Aside from the bond buyers and visitors, American Dream got another vote of confidence when Saks Fifth Avenue announced its plans to finally open its outpost in the mall in September. It will be the retailer’s only New Jersey location, Forbes reported.

That also bodes well as the luxury market has also been seeing huge sales in recent months, with some luxury shops experiencing “ridiculous lines like you’ve never seen before,” Baxter said.

It might seem, then, that American Dream could be a success after an especially long and tortured history. The project began its life as Xanadu in 2003, when Mills Corporation and Mack-Cali Realty won the development rights from the State of New Jersey for a 162-acre patch of wetlands next to Giants Stadium (now known as MetLife Stadium).

The developers quickly blew past their initial budget estimate and, after Mills encountered financial woes, sold Xanadu to private equity firm Colony Capital for $500 million in 2006. Colony soon hit snags itself, leaving a garish, multicolored structure in its wake. Then-Gov. Chris Christie stepped in and in 2011 awarded Triple Five the task of completing the mall, mainly because of its success with the Mall of America in Minnesota.

Construction restarted in 2014 and American Dream finally opened in September, of 2019 just six months before the pandemic.

Now, even though visitors have started returning since the mall’s October reopening, having them come back is a different story.

“It’s like a restaurant,” Baxter said. “Anyone can get you through the door. The question is: Are you going to come back a second time? They’ll need to have a lot of repeat traffic.”

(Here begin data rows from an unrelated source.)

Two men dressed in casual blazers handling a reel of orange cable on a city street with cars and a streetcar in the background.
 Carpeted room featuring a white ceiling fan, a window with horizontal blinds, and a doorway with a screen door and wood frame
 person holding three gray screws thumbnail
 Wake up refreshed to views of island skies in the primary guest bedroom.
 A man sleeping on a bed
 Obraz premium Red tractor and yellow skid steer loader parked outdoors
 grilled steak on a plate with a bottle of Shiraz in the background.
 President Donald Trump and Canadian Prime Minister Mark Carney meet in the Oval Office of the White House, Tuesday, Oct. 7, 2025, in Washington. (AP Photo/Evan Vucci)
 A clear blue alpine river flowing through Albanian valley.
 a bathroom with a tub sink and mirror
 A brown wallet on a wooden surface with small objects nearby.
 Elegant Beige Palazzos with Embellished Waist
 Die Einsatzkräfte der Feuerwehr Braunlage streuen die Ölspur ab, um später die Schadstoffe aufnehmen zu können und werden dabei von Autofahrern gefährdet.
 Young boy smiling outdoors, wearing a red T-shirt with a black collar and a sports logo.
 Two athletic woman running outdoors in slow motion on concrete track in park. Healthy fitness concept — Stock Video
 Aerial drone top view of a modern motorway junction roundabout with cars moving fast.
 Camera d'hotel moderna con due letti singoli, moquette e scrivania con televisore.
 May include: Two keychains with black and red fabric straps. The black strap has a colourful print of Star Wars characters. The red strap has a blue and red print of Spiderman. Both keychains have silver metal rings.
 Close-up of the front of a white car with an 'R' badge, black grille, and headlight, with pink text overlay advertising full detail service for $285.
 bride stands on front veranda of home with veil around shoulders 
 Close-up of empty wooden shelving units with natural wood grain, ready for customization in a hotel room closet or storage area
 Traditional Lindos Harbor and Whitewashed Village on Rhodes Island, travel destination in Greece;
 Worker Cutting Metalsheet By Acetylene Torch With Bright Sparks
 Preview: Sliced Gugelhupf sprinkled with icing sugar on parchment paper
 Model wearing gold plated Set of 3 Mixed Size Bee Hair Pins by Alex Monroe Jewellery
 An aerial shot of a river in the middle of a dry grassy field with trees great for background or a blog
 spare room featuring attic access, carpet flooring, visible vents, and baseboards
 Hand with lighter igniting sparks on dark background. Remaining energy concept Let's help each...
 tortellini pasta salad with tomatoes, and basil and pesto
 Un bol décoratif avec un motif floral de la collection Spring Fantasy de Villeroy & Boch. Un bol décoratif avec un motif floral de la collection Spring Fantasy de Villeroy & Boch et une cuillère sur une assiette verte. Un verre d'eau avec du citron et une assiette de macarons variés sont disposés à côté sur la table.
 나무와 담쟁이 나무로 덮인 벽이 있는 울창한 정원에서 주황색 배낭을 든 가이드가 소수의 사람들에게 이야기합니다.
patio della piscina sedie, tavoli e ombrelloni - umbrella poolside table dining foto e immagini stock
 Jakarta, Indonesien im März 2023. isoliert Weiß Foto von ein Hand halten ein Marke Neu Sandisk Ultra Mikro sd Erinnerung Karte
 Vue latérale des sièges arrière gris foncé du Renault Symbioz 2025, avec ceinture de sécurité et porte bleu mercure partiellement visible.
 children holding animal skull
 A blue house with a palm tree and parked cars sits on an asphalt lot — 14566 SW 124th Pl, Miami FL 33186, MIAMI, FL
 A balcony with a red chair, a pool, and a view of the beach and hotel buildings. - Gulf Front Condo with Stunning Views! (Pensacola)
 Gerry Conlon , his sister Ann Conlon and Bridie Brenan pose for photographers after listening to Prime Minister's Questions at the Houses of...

So far, American Dream has mainly had to rely on locals in New Jersey to drive foot traffic, but that might not be sustainable long term for a project of its magnitude. An expert previously told CO it would need about 40 to 50 million visitors a year to be a success, and Triple Five told NJ.com that it attracted more than 790,000 visitors from October 2019 until January 2020, but it’s unclear how many people are expected to visit this year.

“I think with the American Dream, the question is going to be: What does the foot traffic look like during the week?” Dobrowski said. “As a weekend destination, it’s going to do great. But what does the consumer base look like Monday through Friday?”

American Dream would need to rely on a steady stream of tourists coming in during the week to survive and, with travel not fully back, it’s unclear if they’ll be willing to brave the trek from Manhattan to East Rutherford, Dobrowski said.

And, even though malls have seen a surge in visits, that might wear off as other activities and travel become an option again. While May’s U.S. retail sales were a huge improvement compared to 2020, they dropped by 1.3 percent compared to April, the first time in two months that the metric saw a dip.

“The big question will be: What’s the sustainability for consumer demand for spending over the next six to 12 months?” Dobrowski said. “That will be a big barometer for the trajectory of malls.”